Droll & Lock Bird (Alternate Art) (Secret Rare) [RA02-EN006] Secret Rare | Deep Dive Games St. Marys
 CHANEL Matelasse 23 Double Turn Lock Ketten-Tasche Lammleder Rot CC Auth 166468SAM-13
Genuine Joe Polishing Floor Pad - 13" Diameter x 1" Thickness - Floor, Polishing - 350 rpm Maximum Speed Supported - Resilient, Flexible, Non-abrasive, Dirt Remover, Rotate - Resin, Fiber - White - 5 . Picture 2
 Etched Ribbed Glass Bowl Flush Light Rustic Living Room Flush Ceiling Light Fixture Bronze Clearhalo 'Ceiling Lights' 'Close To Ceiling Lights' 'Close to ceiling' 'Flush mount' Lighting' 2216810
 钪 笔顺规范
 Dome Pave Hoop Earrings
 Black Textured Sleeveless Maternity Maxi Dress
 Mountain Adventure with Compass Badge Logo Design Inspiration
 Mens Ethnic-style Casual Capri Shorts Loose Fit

◇ ◇ ◇ ◇

Starting with the first line of the listing, output each line exactly until you have included the one containing "CHANEL Matelasse 23".

| Task response |
Droll & Lock Bird (Alternate Art) (Secret Rare) [RA02-EN006] Secret Rare | Deep Dive Games St. Marys
 CHANEL Matelasse 23 Double Turn Lock Ketten-Tasche Lammleder Rot CC Auth 166468SAM-13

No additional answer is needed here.